Iedereen fantaseert er wel eens over: een verborgen schat vinden in de kelder of op de zolder. Als het dan nog verborgen zit in de muur, kun je er vergif op innemen dat het waardevol moet zijn, toch? Het overkomt Ronald wanneer hij zijn dak repareert na stormschade. Hij vindt iets wat jarenlang verborgen zat, wat niet anders dan een schat kan zijn. Samen met die andere schat van hem, Rosie, bekijken ze zijn vondst totdat … duidelijk wordt dat het wel eens om een heel andere reden verstopt zat. Niettemin, hoe zou je zelf zijn, gaat Ronald ermee op pad, wil het laten schatten bij een veilinghuis. Zijn verhoopte schat blijkt een doos van Pandora te zijn en hoe langer hij het in zijn bezit heeft, hoe driester de gevolgen worden. Zelfs wanneer hij het alsnog van de hand doet, blijft zijn huis een magneet voor obscure schatzoekers. Volgt nu een passage uit Het doek valt waaruit blijkt waarom het gevonden voorwerp weleens voor heibel zou kunnen zorgen … 

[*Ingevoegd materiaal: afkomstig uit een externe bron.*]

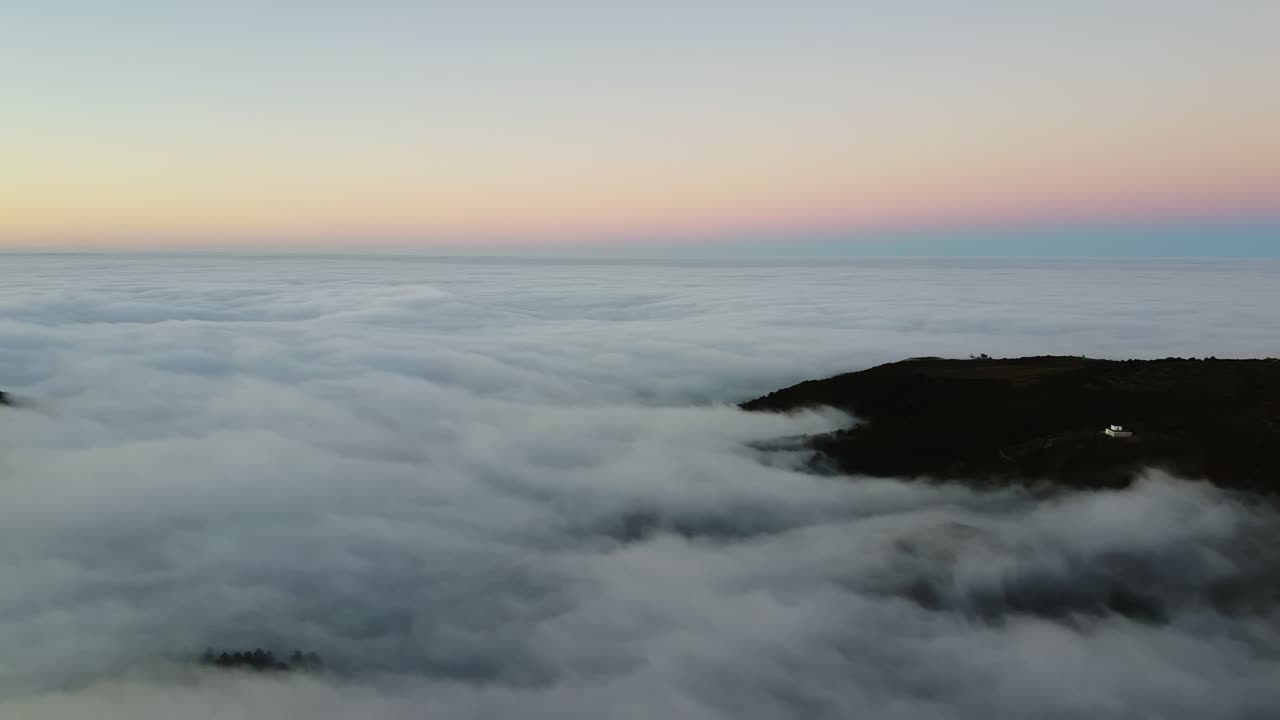imágenes aéreas sobre la espesa niebla o nubes desde las cuales sólo los picos de las montañas del cielo azul son visibles brillantemente iluminados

Veilingmeester Druyts heeft net bezoek gehad van een man die op zijn zolder een eigenaardige vondst deed: een in de muur verstopt doek. Druyts belt met zijn vriend Frank om het te bespreken.

‘Wat denk je?’ vroeg Druyts. 
‘Ik weet het niet. Wat denk jij? Is het echt?’ 
‘Alleen als jij het zegt.’ Hij pauzeerde om zijn woorden te laten doordringen. 
‘Volgende week maandag komt hij terug, met het origineel.’ 
‘Wie is “hij”?’ 
‘Een gewone vent, geen kenner in ieder geval. Hij leek wat beducht om het te laten zien. Ik heb hem verlekkerd door een hoge prijs te noemen, dus hij komt zeker terug.’ 
‘Beducht? Ik kan hem geen ongelijk geven. Vind je het goed dat ik morgen al kom? Ik verveel me hier steendood. Niets te doen. Naïma vertrekt morgen op vakantie naar de oudste.’ 
‘Kom maar langs.’ ‘Bedankt, Eduard, goed werk.’ 
‘Dat weet ik. Dag Frank. Tot morgen.’ 
Hij verbrak de verbinding en drukte op een toets voor de binnenlijn. ‘Sofie, kun je de prent die je net hebt gescand brengen?’ 

Bijgelicht door de messing bankierslamp bestudeerde hij de afbeelding. Een fractie van een seconde zag hij zijn vervormde gezicht in de weerkaatsing van de groenglanzende kap. Uit de bureaulade diepte hij een vergrootglas op. De stilte kapselde hem in, met het vergrootglas bekeek hij minutieus het tafereel: een landschap in fletse kleuren. Omgewoelde grond, prikkeldraad en iets wat leek op een tank. Een eind achter de tank enkele marcherende soldaten in een blauwgrijs uniform met een punthelm op het hoofd. Het deed denken aan een slagveld uit de Eerste Wereldoorlog. Grauwe troosteloosheid, kale bomen aan de rand van het veld, zwarte vogels die erboven vliegen in een grijze lucht. Op de tank een Germaans kruis. Loopgravenkunst. Zijn blik bleef rusten op de signering van de kunstenaar. De letters waren ongelijk, de A leek op een Eiffeltorentje, wat erachter stond liet niets aan de verbeelding over: HITLER.